Jeronimo Maradiaga with his family on campus on Commencement Weekend. From right are Maradiaga's mother, Rosa Alicia Aleman, his brother, Oscar, and Oscar Maradiaga's wife, Julia.
Within a week he was in New York City. He had no place to stay, no job. His mom and brother were essentially homeless, staying in motels in Pennsylvania and Florida. He stayed in a hostel, spent another night in a homeless shelter, made his way to the Brooklyn home of a close friend, Rebecca Travis ’07, another Posse Scholar. “I was all over the place,” Maradiaga said.
Recalling the pain of that time, he sighed. Paused. Took a deep breath and continued.
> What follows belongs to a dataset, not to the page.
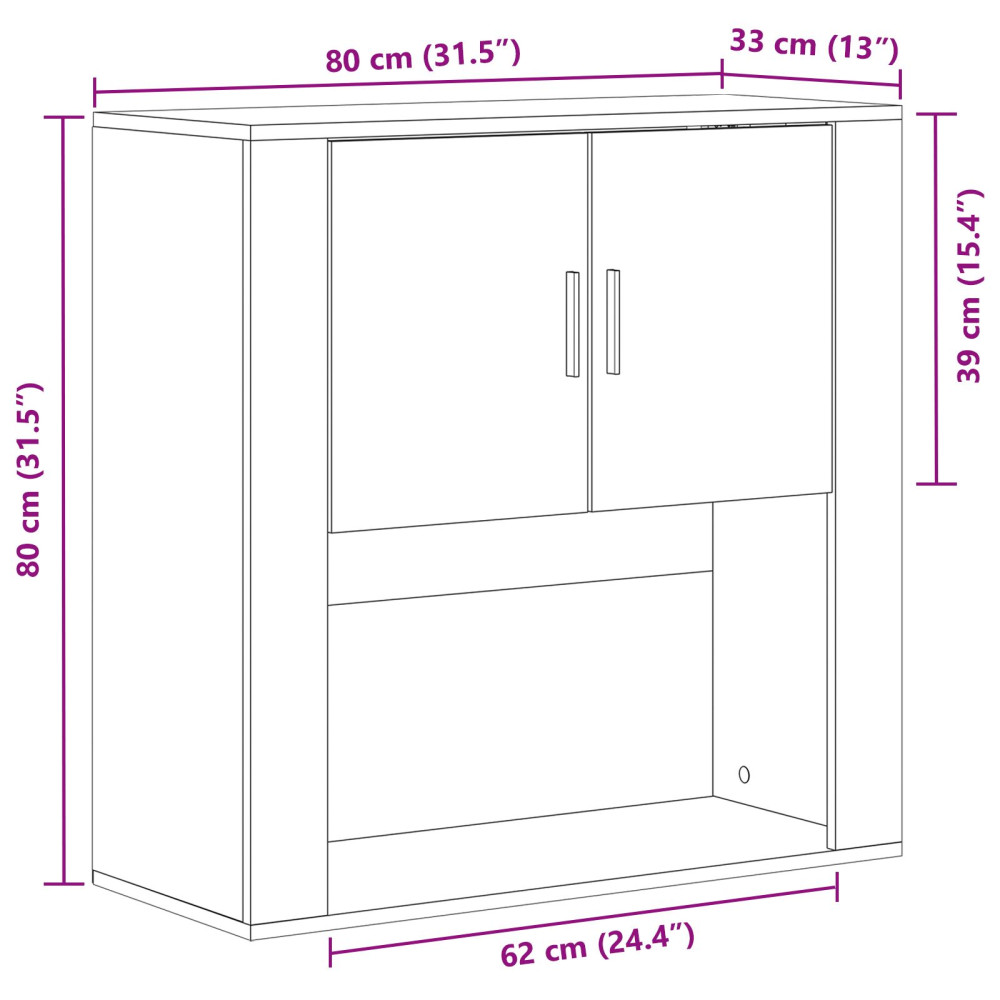 Produktbild för Väggskåp med hylla Gammalt trä 80 x 33 x 80 cm Konstruerat trä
It was Sohne-Johnston who again came to his aid, he said. Her sister’s fiancé worked for a big Manhattan law firm. He got Maradiaga an interview with the human resources department there. Maradiaga went and talked to them, but they said they had nothing for him. “I explained the situation. At that point, I was crying. I was like, ‘I’m homeless. I need a job. Can you please help me out? I’ve done everything right in life. I need some help.’”
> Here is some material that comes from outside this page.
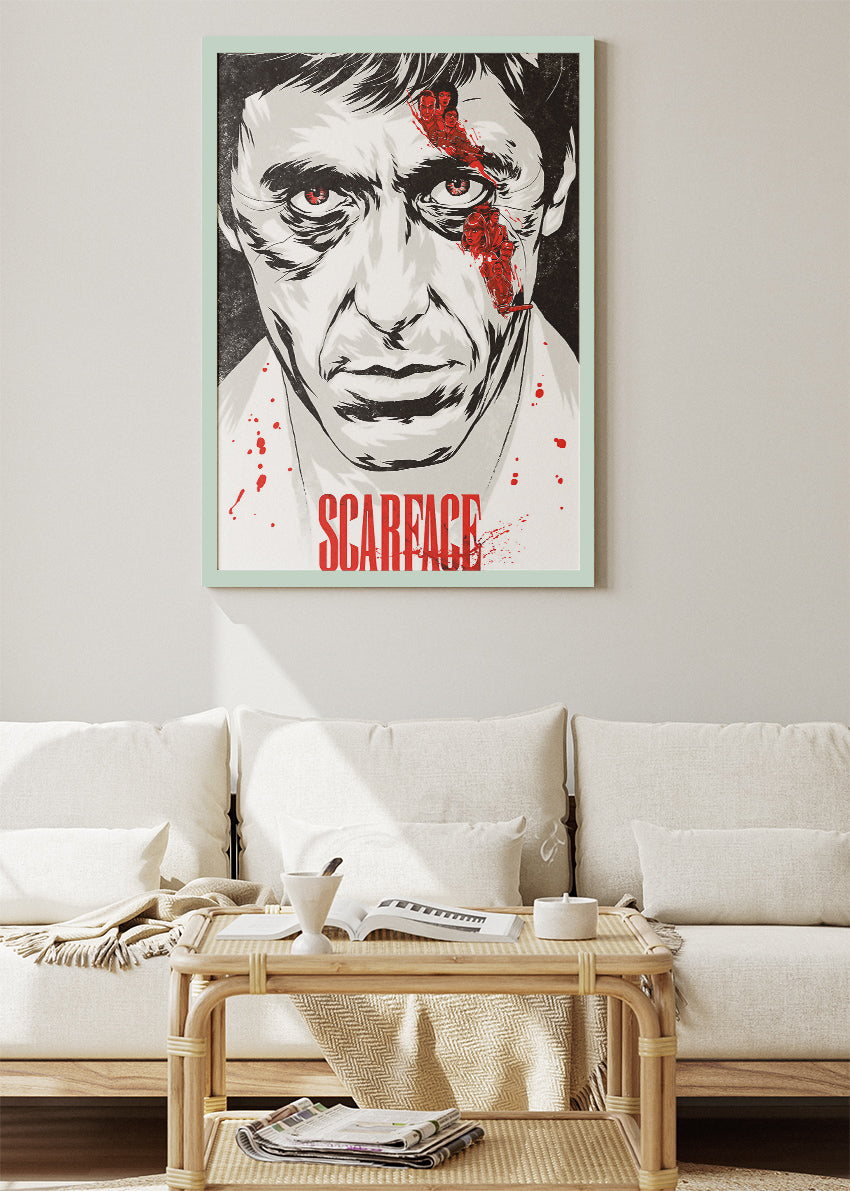 Tony Montana Scarface Portrait Wall Art Poster & Canvas Print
His plea got him a referral to a temp agency. He told his story again and eventually got placed as a file clerk at another Manhattan law firm. The fiancé collected dress clothes from colleagues and Maradiaga went to work. The job paid well but he needed more money to set up an apartment for his mother, so he got a job at the front desk of a gym, working nights. He was working 90 hours a week, saving everything he could, tapping the law firm’s experts to help him navigate the health-care bureaucracy on his mom’s behalf.
All the while he told himself not to forget what he had left behind. “I was making money but I said, ‘Don’t settle for this. Don’t lose sight of school. This is not what you want.’”
What Maradiaga wanted was contentment, and he realized that for him that came through his studies, his intellectual exploration. This was at a time when his mother finally was eligible for Social Security disability. He and Oscar set her up in Miami: food, cell phone, money in case something went wrong. She was set, for the moment. But the experience caused Maradiaga to reconsider his own life. “I didn’t have a home. I didn’t have a job, necessarily. For my own sanity I had to redefine success. I had to redefine how to be happy. Otherwise I don’t think I would have made it through.”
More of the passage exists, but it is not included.